+++ RECORD EXTRACTS +++

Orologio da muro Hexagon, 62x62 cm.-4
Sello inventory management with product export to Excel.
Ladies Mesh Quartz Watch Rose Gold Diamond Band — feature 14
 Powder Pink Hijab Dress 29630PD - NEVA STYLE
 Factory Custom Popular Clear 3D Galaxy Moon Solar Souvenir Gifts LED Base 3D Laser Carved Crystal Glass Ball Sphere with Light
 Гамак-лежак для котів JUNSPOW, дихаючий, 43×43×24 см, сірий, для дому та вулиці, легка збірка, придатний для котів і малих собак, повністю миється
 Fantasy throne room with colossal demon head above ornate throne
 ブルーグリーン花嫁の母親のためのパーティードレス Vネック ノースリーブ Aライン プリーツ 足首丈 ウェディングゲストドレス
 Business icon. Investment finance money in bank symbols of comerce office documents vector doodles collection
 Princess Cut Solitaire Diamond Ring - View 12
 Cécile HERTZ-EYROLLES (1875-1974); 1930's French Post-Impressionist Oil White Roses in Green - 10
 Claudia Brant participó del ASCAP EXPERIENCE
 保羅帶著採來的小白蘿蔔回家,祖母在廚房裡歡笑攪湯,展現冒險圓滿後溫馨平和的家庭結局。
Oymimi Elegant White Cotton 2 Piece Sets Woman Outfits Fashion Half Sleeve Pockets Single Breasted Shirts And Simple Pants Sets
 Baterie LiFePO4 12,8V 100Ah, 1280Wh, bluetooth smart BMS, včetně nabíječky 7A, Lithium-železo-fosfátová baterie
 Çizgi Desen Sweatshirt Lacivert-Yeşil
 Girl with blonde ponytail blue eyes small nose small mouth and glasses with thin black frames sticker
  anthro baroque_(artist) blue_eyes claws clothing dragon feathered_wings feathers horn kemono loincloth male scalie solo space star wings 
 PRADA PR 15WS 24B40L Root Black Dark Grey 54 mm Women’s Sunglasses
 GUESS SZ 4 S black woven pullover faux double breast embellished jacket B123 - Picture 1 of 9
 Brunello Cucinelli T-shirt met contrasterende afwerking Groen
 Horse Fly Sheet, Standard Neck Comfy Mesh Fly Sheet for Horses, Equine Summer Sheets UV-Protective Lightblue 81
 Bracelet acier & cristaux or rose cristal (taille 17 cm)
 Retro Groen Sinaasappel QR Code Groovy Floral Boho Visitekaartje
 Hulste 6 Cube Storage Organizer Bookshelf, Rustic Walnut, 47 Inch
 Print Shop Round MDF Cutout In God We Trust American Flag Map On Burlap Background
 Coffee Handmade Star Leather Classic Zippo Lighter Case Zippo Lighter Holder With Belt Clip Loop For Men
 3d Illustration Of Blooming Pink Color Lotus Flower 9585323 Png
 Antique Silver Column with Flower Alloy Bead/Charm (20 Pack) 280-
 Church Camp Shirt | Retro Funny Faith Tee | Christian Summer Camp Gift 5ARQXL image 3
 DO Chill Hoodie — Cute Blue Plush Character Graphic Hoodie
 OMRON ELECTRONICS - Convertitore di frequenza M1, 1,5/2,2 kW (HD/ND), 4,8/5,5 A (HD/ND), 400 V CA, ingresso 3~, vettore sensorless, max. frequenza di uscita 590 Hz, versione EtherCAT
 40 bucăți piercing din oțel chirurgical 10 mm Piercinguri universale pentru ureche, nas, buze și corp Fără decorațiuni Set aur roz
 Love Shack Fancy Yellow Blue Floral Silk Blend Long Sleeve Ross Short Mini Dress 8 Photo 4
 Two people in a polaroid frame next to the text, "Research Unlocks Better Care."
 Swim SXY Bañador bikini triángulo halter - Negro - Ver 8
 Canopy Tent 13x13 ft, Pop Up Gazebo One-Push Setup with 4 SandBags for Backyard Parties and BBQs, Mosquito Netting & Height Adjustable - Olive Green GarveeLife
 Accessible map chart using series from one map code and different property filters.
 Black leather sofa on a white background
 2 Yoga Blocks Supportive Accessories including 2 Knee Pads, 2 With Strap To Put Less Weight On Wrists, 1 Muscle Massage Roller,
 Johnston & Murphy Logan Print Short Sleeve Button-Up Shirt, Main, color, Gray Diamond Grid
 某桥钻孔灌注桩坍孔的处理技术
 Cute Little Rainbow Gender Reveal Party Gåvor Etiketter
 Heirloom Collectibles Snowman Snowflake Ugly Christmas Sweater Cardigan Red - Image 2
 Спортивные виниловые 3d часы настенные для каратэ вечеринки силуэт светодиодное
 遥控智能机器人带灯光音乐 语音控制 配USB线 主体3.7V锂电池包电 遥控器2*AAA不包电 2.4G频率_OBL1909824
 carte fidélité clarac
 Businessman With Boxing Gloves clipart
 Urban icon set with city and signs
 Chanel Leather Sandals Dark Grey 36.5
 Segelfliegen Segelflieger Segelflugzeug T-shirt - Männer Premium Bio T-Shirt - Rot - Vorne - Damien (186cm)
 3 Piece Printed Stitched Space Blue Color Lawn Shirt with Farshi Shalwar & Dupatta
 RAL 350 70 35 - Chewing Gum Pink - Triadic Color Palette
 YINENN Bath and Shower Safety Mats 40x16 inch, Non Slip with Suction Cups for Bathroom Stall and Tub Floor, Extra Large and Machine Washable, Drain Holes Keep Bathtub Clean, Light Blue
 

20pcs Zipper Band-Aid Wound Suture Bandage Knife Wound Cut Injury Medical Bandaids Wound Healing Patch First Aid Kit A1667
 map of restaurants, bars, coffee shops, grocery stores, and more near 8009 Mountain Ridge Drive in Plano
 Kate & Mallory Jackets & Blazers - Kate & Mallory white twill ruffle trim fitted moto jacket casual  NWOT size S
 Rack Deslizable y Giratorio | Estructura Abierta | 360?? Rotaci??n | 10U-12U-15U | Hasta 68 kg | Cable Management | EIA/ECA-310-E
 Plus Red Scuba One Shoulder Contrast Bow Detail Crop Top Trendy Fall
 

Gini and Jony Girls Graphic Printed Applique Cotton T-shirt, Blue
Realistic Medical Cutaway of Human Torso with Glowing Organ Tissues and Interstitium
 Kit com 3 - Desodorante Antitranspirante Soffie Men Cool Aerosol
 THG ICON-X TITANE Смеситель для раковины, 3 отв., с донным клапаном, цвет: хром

+++

## WHAT THE TASK REQUIRES
In the entries above, the lines from the one bearing "Johnston & Murphy" up to and including the one bearing "Спортивные виниловые 3d" should be transcribed exactly; no other line is wanted.

## TASK RESULT
 Johnston & Murphy Logan Print Short Sleeve Button-Up Shirt, Main, color, Gray Diamond Grid
 某桥钻孔灌注桩坍孔的处理技术
 Cute Little Rainbow Gender Reveal Party Gåvor Etiketter
 Heirloom Collectibles Snowman Snowflake Ugly Christmas Sweater Cardigan Red - Image 2
 Спортивные виниловые 3d часы настенные для каратэ вечеринки силуэт светодиодное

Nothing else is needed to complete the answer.